Unnamed: 0,Cement,BlastFurnaceSlag,FlyAsh,Water,Superplasticizer,CoarseAggregate,FineAggregate,Age,CompressiveStrength
0,540.0,0.0,0.0,162.0,2.5,1040.0,676.0,28,79.986111
1,540.0,0.0,0.0,162.0,2.5,1055.0,676.0,28,61.887366
2,332.5,142.5,0.0,228.0,0.0,932.0,594.0,270,40.269535
3,332.5,142.5,0.0,228.0,0.0,932.0,594.0,365,41.05278
4,198.6,132.4,0.0,192.0,0.0,978.4,825.5,360,44.296075


# Establish baseline model


- We'll first establish a baseline by training the model. 
- This will help us determine whether our new features are actually useful. 



In [3]:
X = df.copy()
y = X.pop("CompressiveStrength")

# Train and score baseline model
baseline = RandomForestRegressor(criterion="mae", random_state=0)
baseline_score = cross_val_score(
    baseline, X, y, cv=5, scoring="neg_mean_absolute_error"
)
baseline_score = -1 * baseline_score.mean()
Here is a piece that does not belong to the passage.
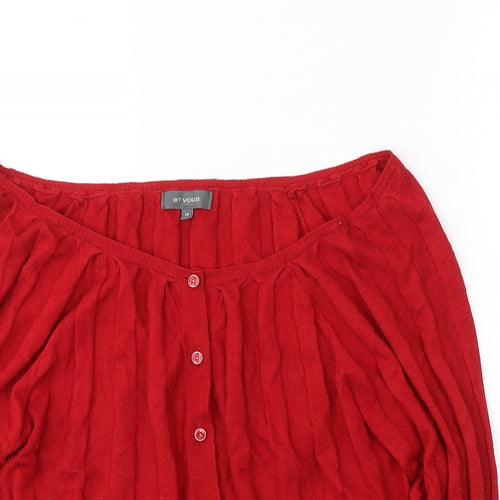 Matalan Womens Red Round Neck  Viscose Cardigan Jumper Size 14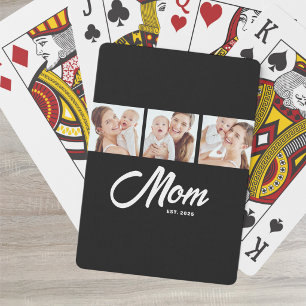 Mum Established Modern Bold Script Black 3 Photo Playing Cards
print(f"MAE Baseline Score: {baseline_score:.4}")

MAE Baseline Score: 8.397


# Feature engineering


- The *ratio* of ingredients in a recipe is usually a better predictor of how the recipe turns out than their absolute amounts. 
- We might reason then that ratios of the features above would be a good predictor of `CompressiveStrength`.
- The cell below adds three new ratio features to the dataset. 



In [4]:
X = df.copy()
y = X.pop("CompressiveStrength")

# Create synthetic features
X["FCRatio"] = X["FineAggregate"] / X["CoarseAggregate"]
X["AggCmtRatio"] = (X["CoarseAggregate"] + X["FineAggregate"]) / X["Cement"]
X["WtrCmtRatio"] = X["Water"] / X["Cement"]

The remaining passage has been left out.